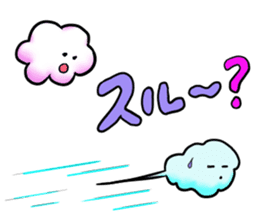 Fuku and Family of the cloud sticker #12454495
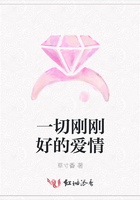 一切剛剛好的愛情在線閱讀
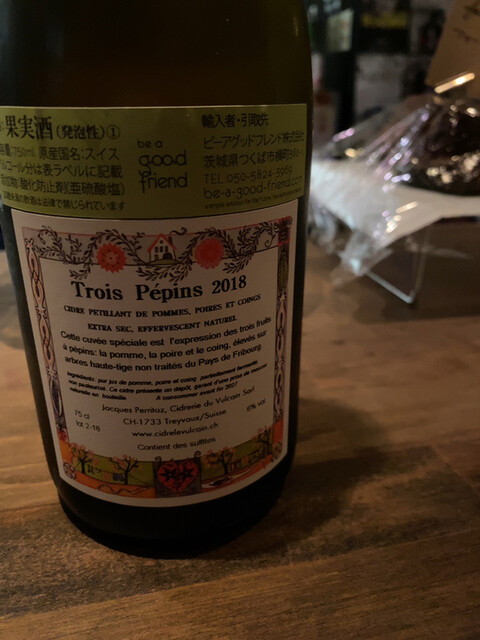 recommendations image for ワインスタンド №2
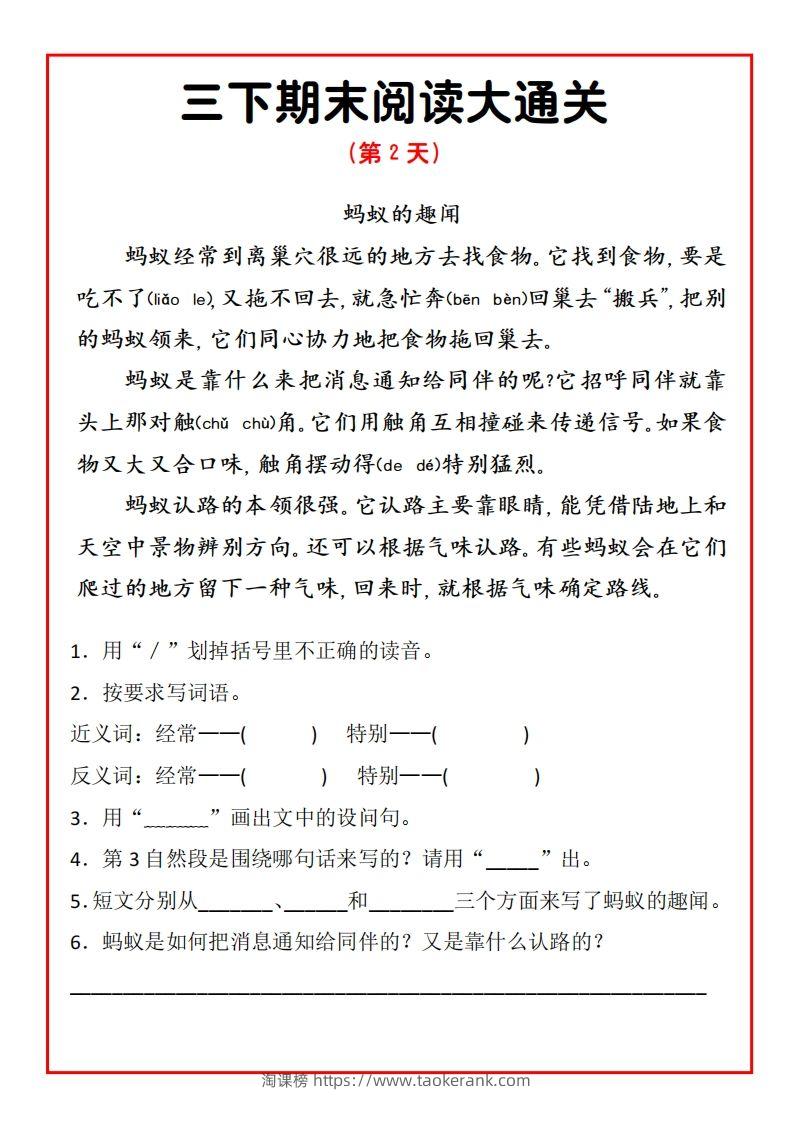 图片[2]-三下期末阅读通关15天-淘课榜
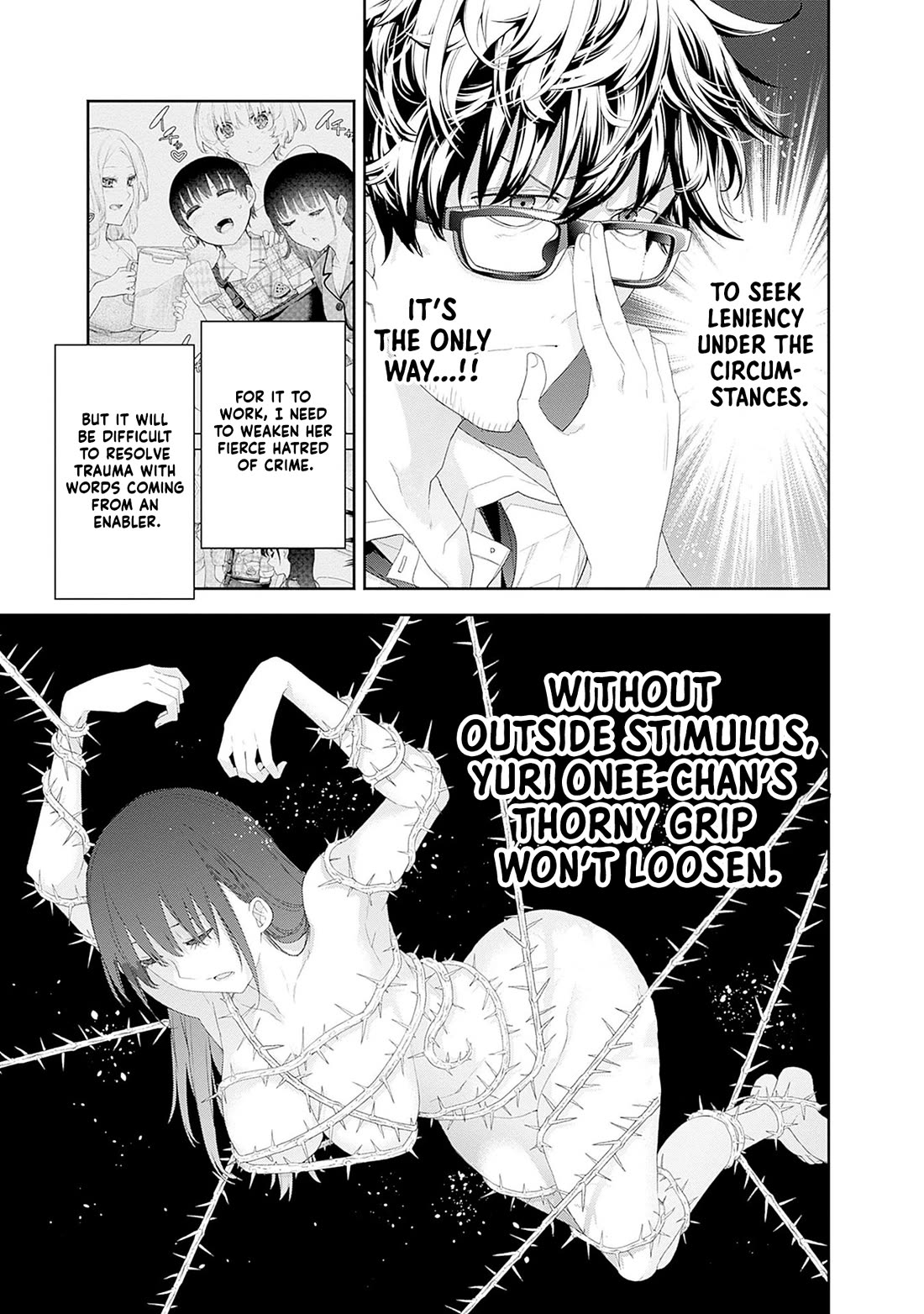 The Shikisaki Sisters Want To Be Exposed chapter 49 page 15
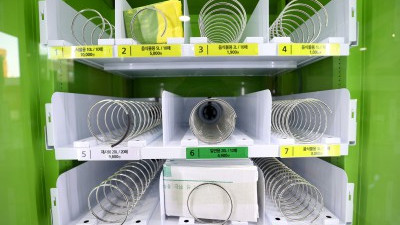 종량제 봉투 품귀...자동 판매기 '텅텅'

###

→ **Goal of the exercise**
Leaving out the pictures, print exactly and only the lines from the one containing "The Shikisaki Sisters" through the last line of the records.

→ **The completed task**
 The Shikisaki Sisters Want To Be Exposed chapter 49 page 15
 종량제 봉투 품귀...자동 판매기 '텅텅'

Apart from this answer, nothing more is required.